The data Start Marker
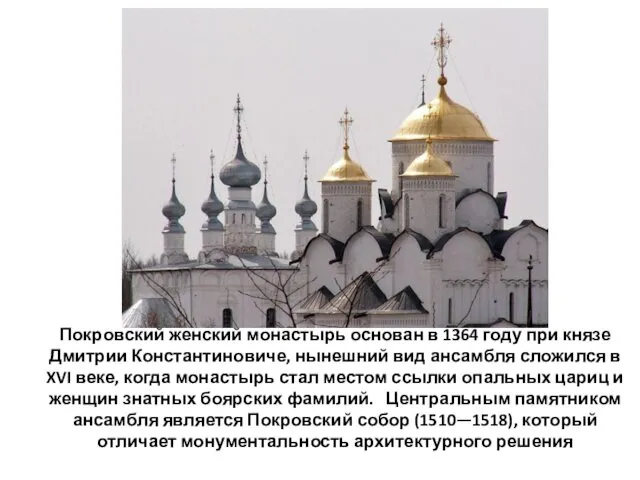 Покровский женский монастырь основан в 1364 году при князе Дмитрии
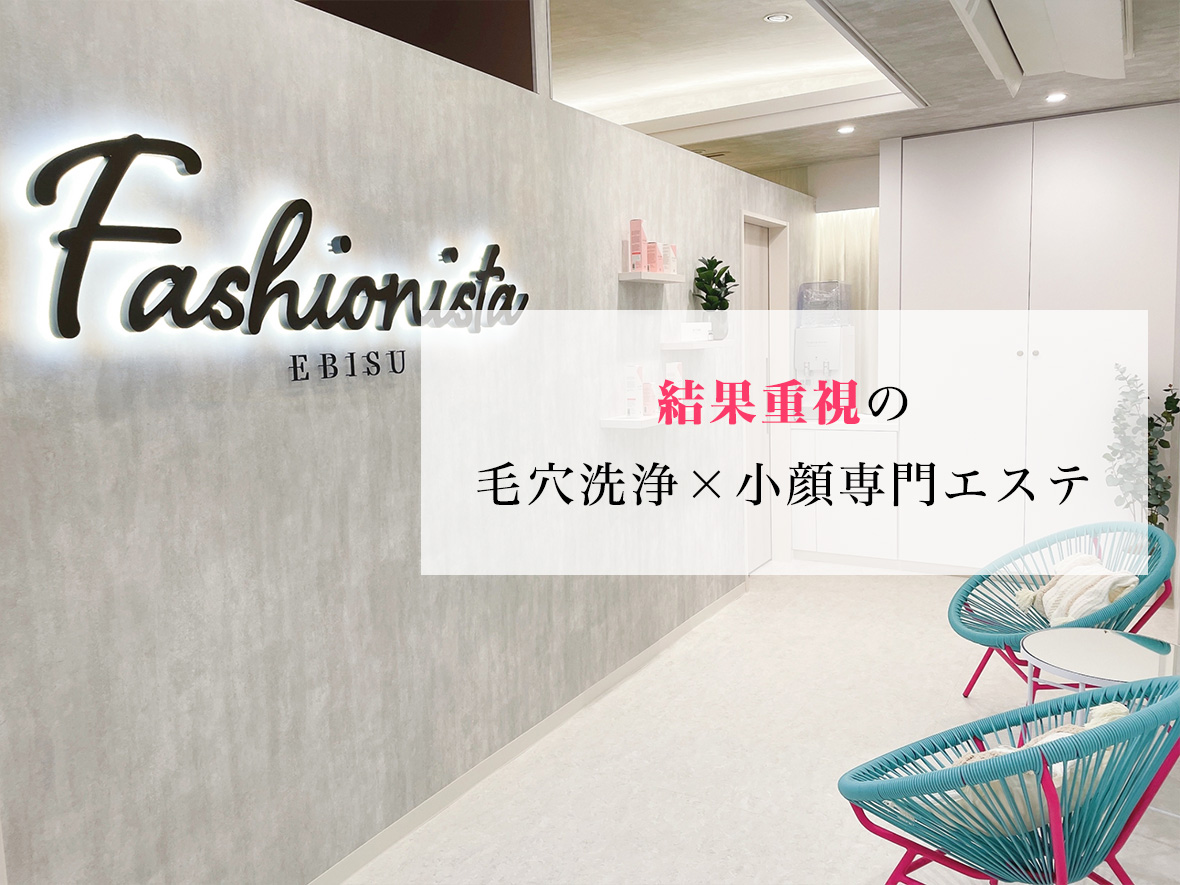 Fashionista 生涯、美容主義。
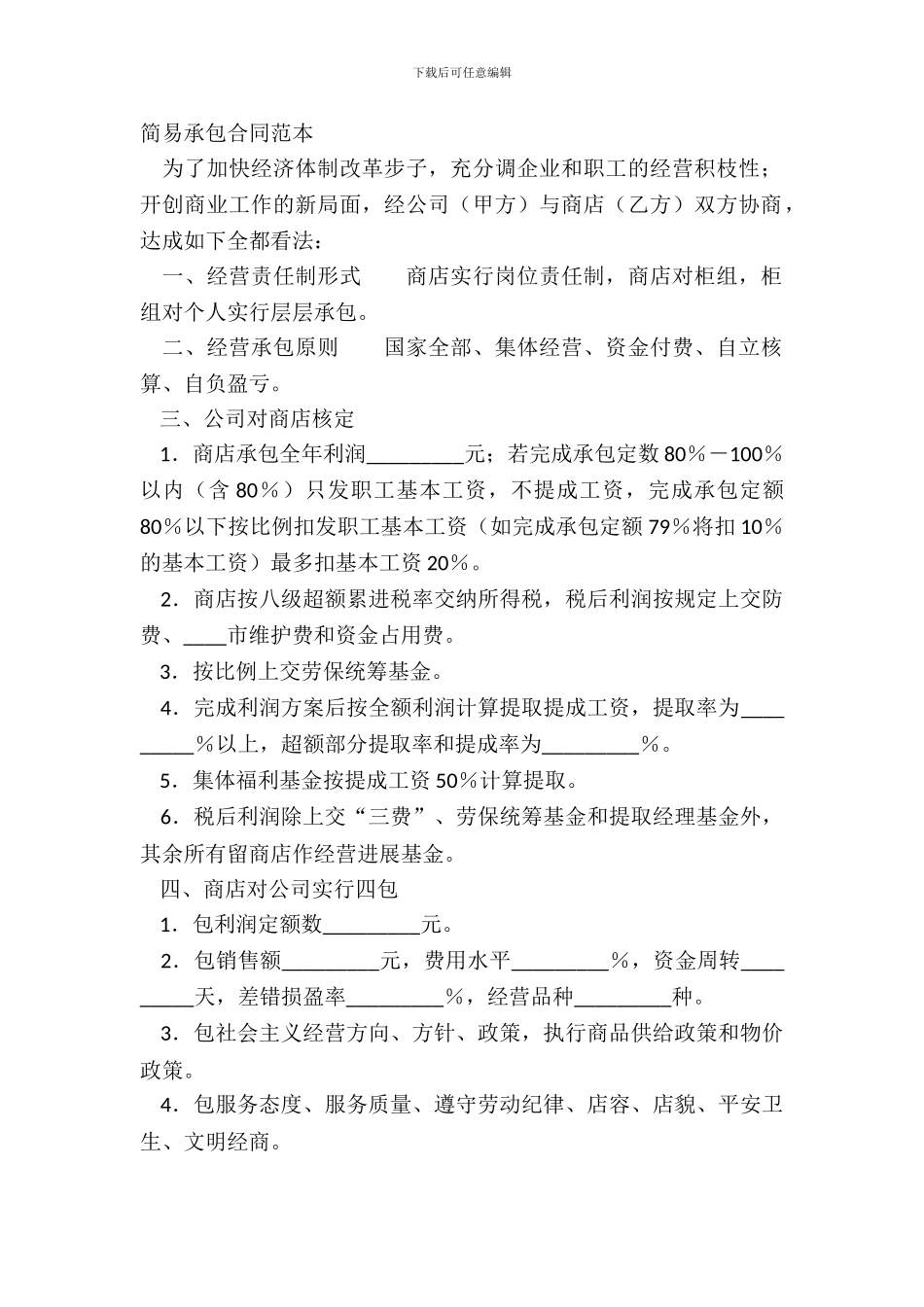 简易承包合同范本_第2页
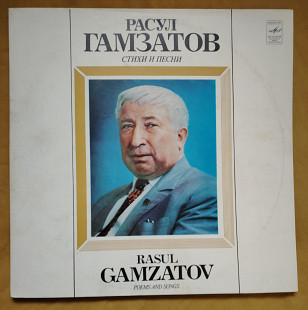 Расул Гамзатов. Стихи и песни. 2 LP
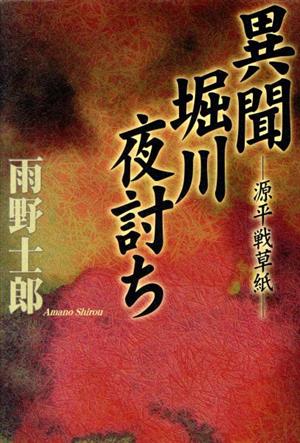 異聞堀川夜討ち 源平戦草紙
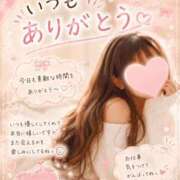 ヒメ日記 2026/08/27 18:32 投稿 ゆきの タレント倶楽部Around40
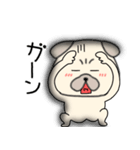 【感情を伝える】パグ犬のぱーちゃん83（個別スタンプ：35）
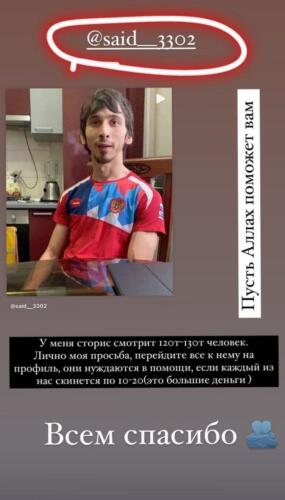 Как дагестанец Мурад живёт после бума мемов с такси. Исрапил Рамазанов подался в блоггинг и добрые дела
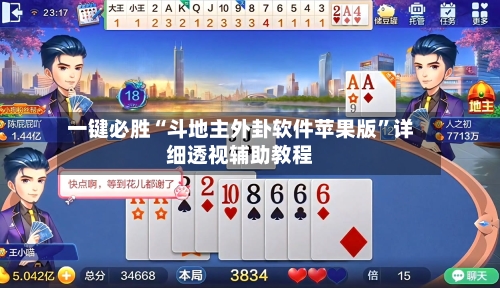 一键必胜“斗地主外卦软件苹果版”详细透视辅助教程-第2张图片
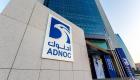 "أدنوك" تواصل دعمها لقطاع الصناعة الإماراتي عبر إمدادات مستدامة من الغاز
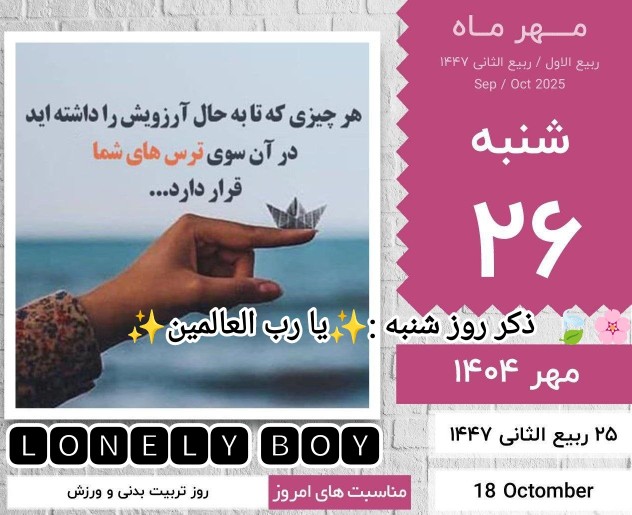 روز تربیت بدنی . ورزش 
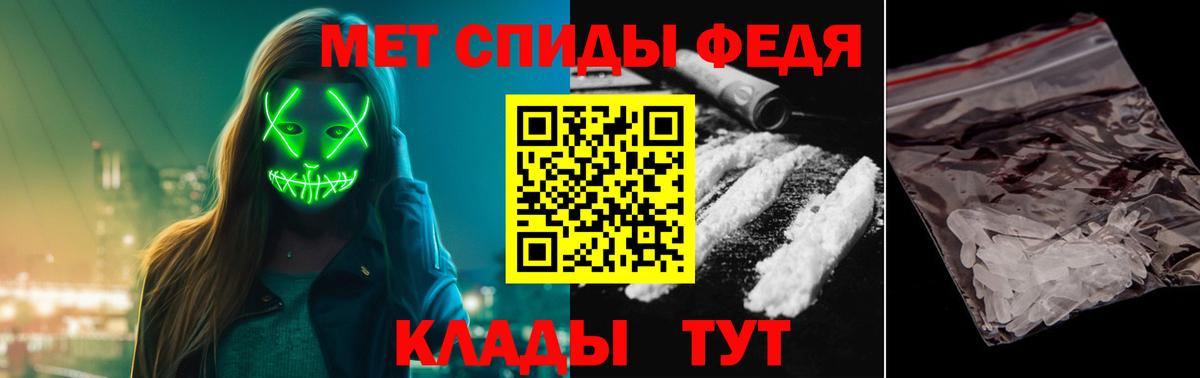 Бошки Шишки Стерлитамак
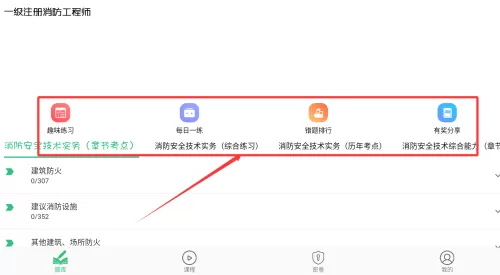 一级注册消防题库学习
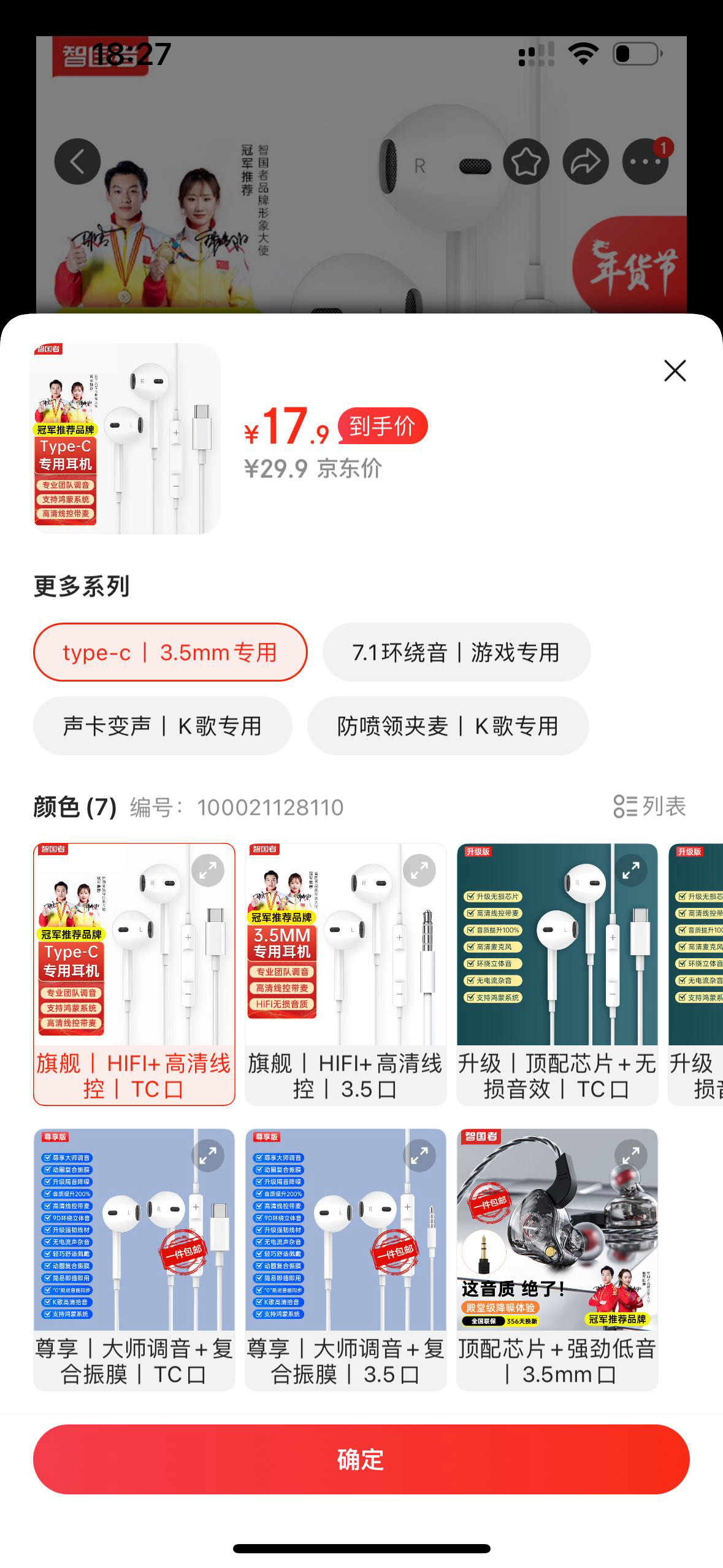 typec有线耳机
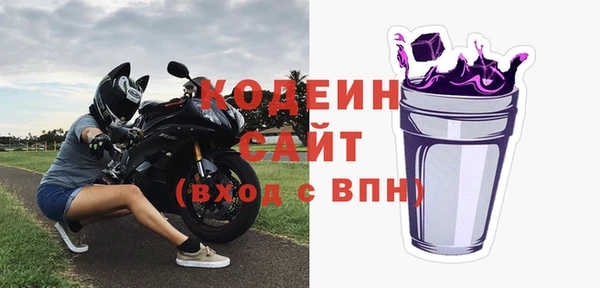 мяу мяу кристалл Вязники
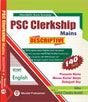 PSC Clerkship Mains Descriptive (Bengali Version) - Retail Maharaj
The data End Marker
* Assignment:
From the line containing "Как дагестанец Мурад" down to the final line of the records above, restate every line word for word, add nothing, and skip the pictures.

* Exercise result:
 Как дагестанец Мурад живёт после бума мемов с такси. Исрапил Рамазанов подался в блоггинг и добрые дела
 一键必胜“斗地主外卦软件苹果版”详细透视辅助教程-第2张图片
 "أدنوك" تواصل دعمها لقطاع الصناعة الإماراتي عبر إمدادات مستدامة من الغاز
 روز تربیت بدنی . ورزش 
 Бошки Шишки Стерлитамак
 一级注册消防题库学习
 typec有线耳机
 мяу мяу кристалл Вязники
 PSC Clerkship Mains Descriptive (Bengali Version) - Retail Maharaj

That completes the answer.